● Task to complete
Beneath this instruction is a listing. Transcribe from it only the stretch from the line with "Tooth decay with" through the line with "Hep G2（人肝癌细胞）", both end lines included, exactly as written.

● Data shown
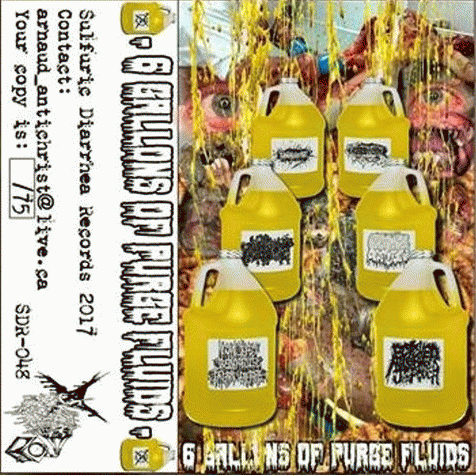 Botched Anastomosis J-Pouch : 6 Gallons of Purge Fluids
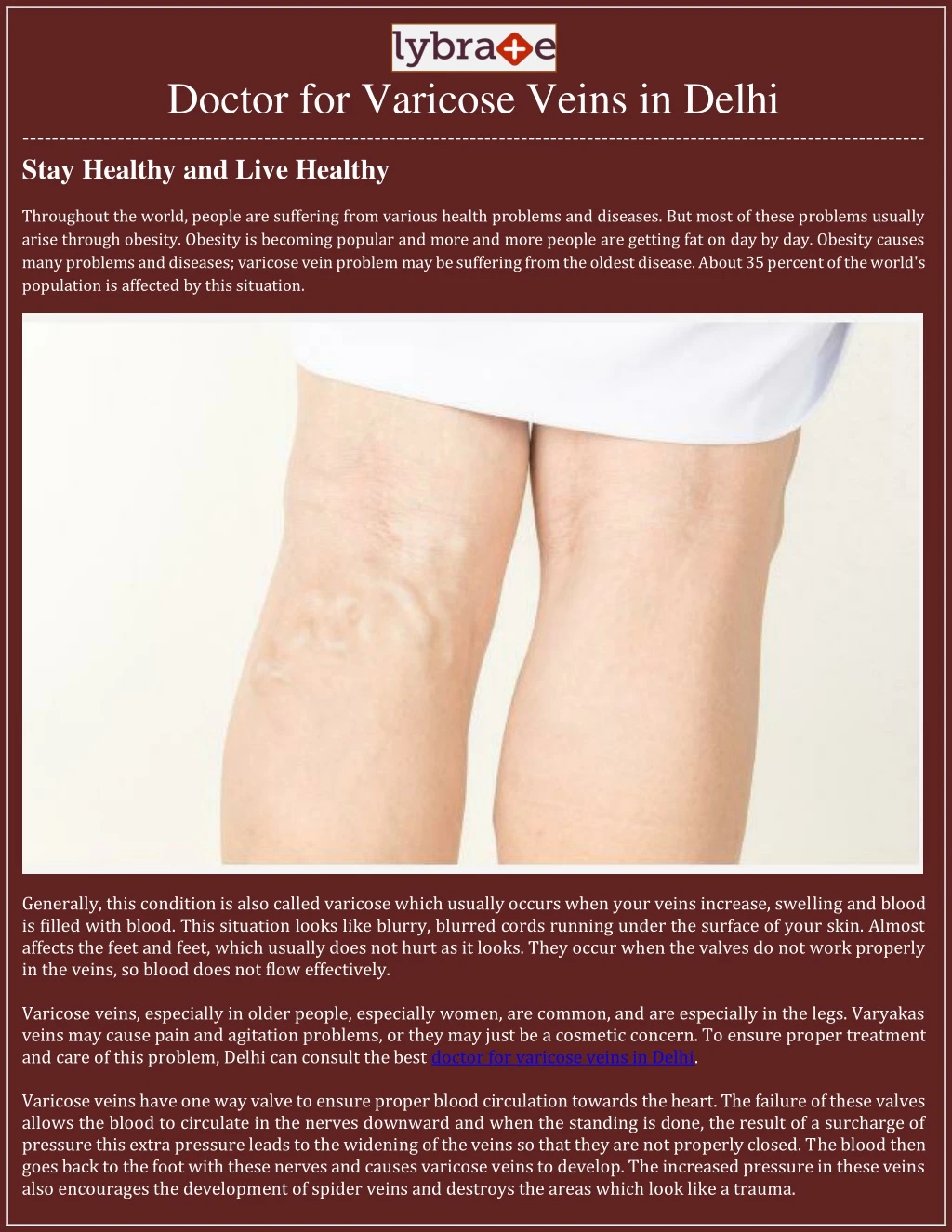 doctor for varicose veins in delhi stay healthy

==

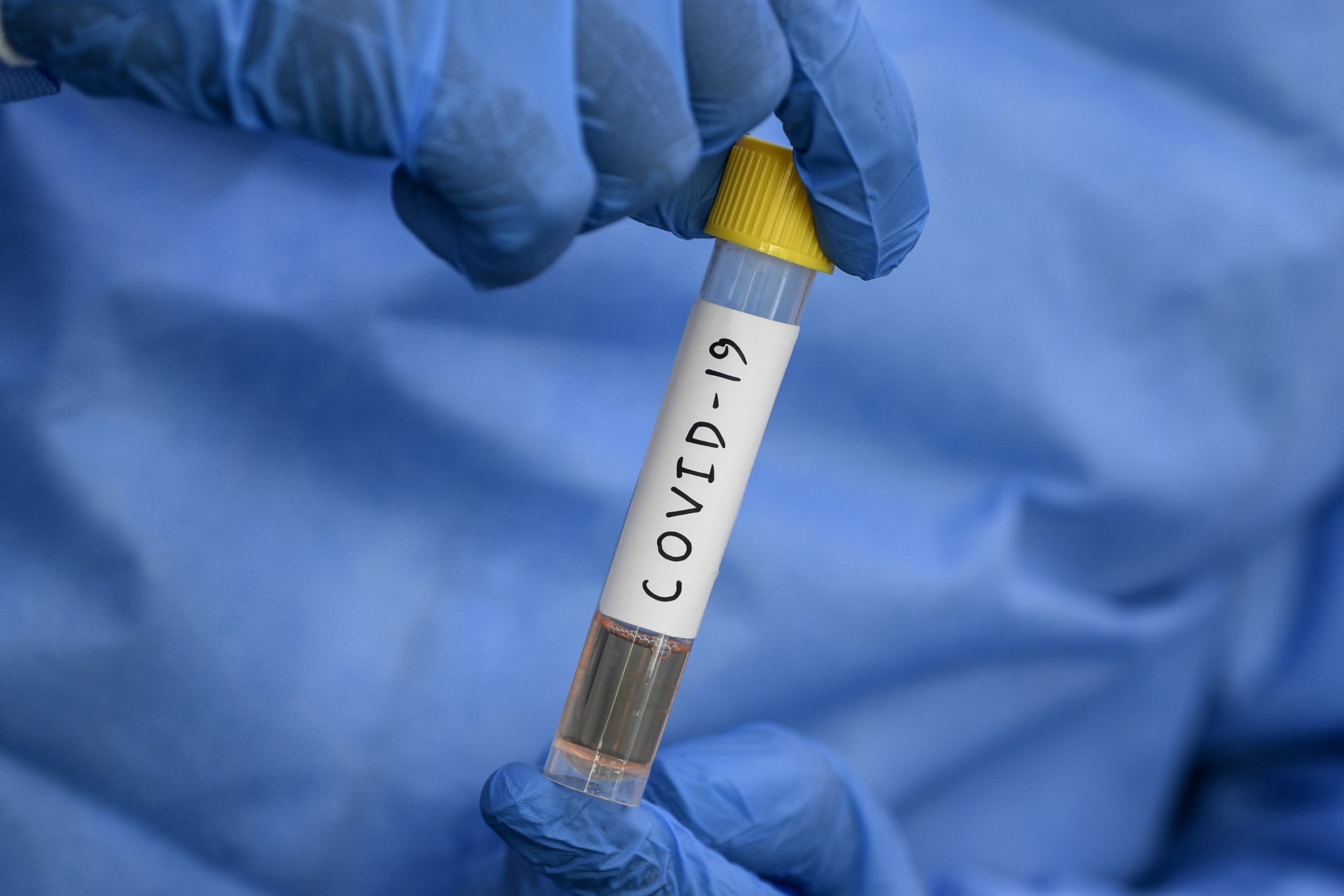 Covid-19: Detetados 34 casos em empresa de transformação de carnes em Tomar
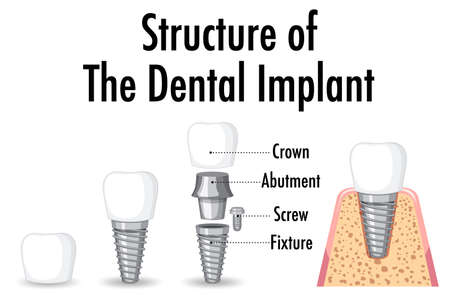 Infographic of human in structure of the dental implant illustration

...

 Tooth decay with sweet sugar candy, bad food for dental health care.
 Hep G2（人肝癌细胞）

● Solution
 Tooth decay with sweet sugar candy, bad food for dental health care.
 Hep G2（人肝癌细胞）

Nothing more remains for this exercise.